As he and his men rested, there came a fearsome howl,
And hideous orcs streamed forth from the murky
Glen, cannibal teeth clotted with gore - http://www.imperial-library.info/obbooks/father_niben.shtml
The poem suggests that in the Merethic, Topal sailed the Inner sea of Morrowind and observed Orcs in what is now High Rock. However, we know that the Orsimer weren't there yet at the time. They came much later, around the same time as the Velothi Exodus.
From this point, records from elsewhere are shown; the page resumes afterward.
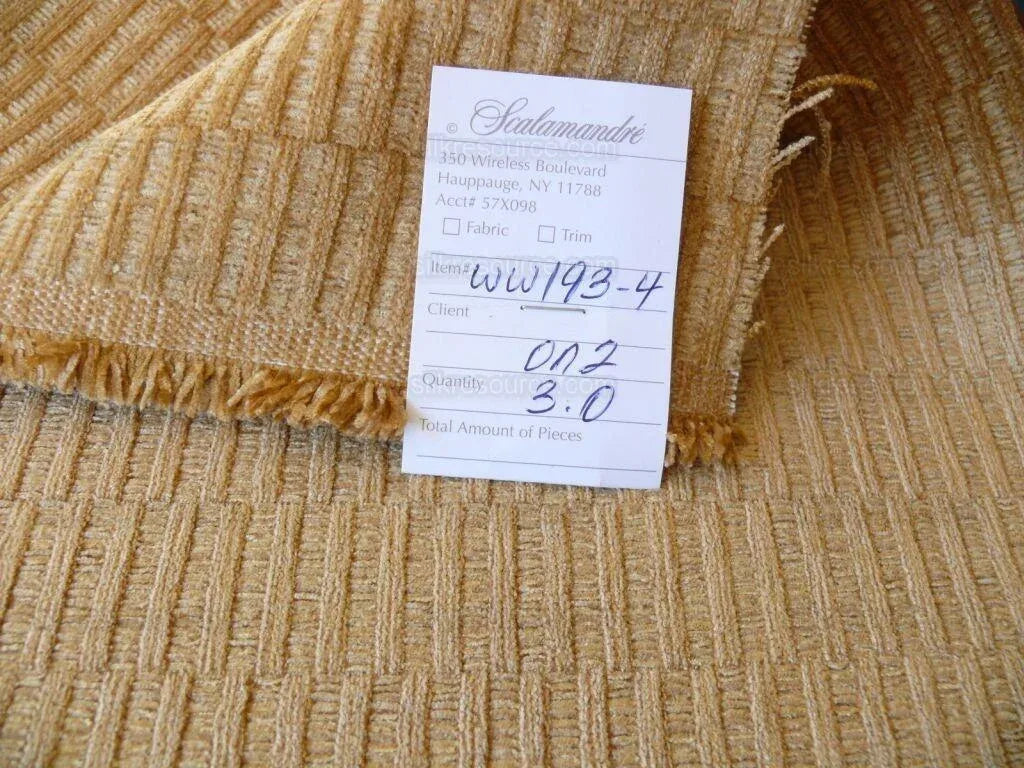 Bty Scalamandre Donald Texture Gold Rayon Chenille Jacquard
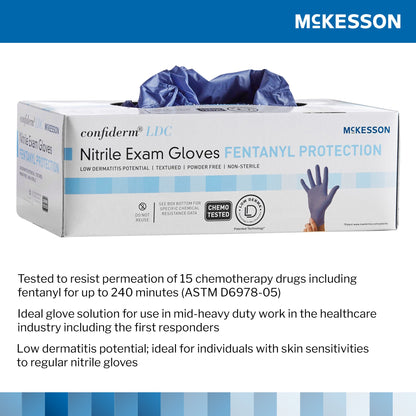 McKesson Confiderm® LDC Exam Glove, Extra Large, Blue
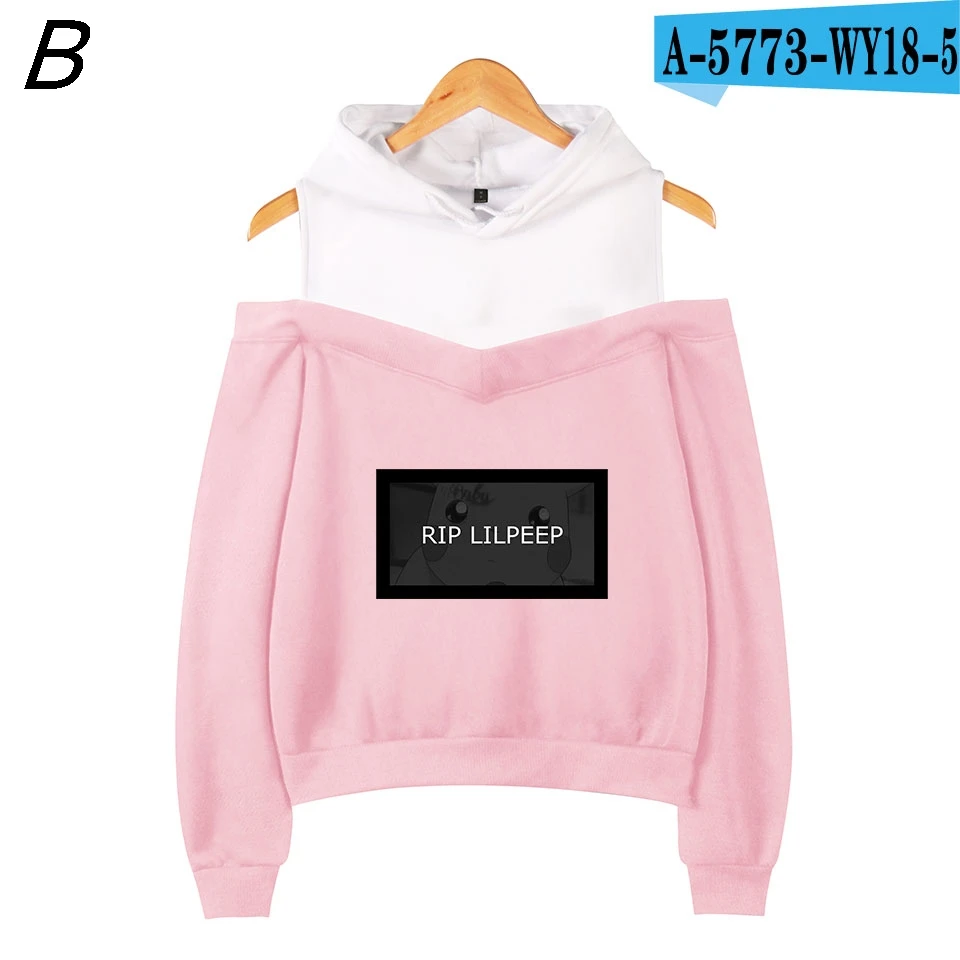 pink Lil толстовка с открытым плечом, Vrouwen, новинка, эмо раппер, крик, Детская толстовка с рисунком, Повседневная модная толстовка, пуловер - Цвет: pink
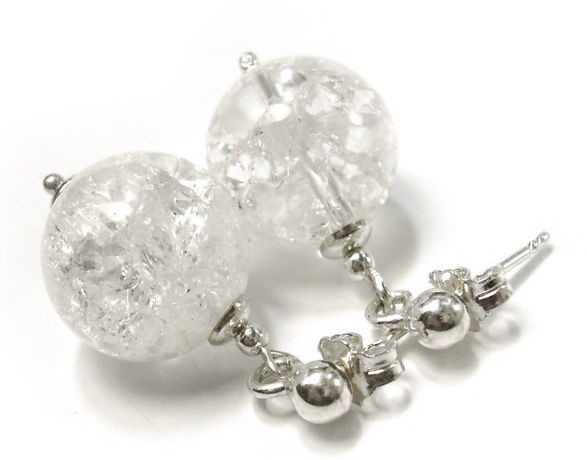 Arande Piękne Kolczyki Kamień Lodowy Srebro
Dwemeri high priest Kagrenac then revealed that which he had built in the image of Vivec. It was a walking star, which burnt the armies of the Triune and destroyed the heartland of Veloth, creating the Inner Sea. - http://www.imperial-library.info/mwbooks/lessons.shtml
In my research of the very oldest Nord records, I found ancient maps which showed no island in the north of modern Morrowind -- just a region labeled "Dwemereth" which encompassed the island of Vvardenfell as we know it, as well as a rather wide swath of what is now the mainland. Indeed, as best as could be made out from the rather crude map, the coastline once extended some distance further north than Vvardenfell does now. - http://www.imperial-library.info/fsg/ghanburighanarticle1.shtml
For the origins of the Inner sea we have both Haspaht (Kurt Kulhman) and Vivecs Sermons to suggest that there was no Inner Sea in the Middle Merethic and that it was formed around the same time as the Battle on Red Mountain.
As such, I reckon that the original Poem of Father of the Niben doesn't actually come from the Merethic Era, but from a much later time period. It being a http://www.hbo.com/rome/ or a http://en.wikipedia.org/wiki/Gulliver%27s_Travels.
The alternative is that Nordic cartographers svck, Vivec was being poetic without reason and the Inner Sea was formed at the impact of a heavenly body and has been there ever since. Though this isn't quite as interesting as an Anumidium induced landscaping spree.
You're free to make up your mind about the origins or inspiration of the feathered folk. Perhaps they are a fiction. Perhaps there were feathered people who's customs were usurped by the High Elves as they moved in. If anything they didn't just wander into the authors mind, it's just that the Poem of Topal only goes so far as proof of their existence.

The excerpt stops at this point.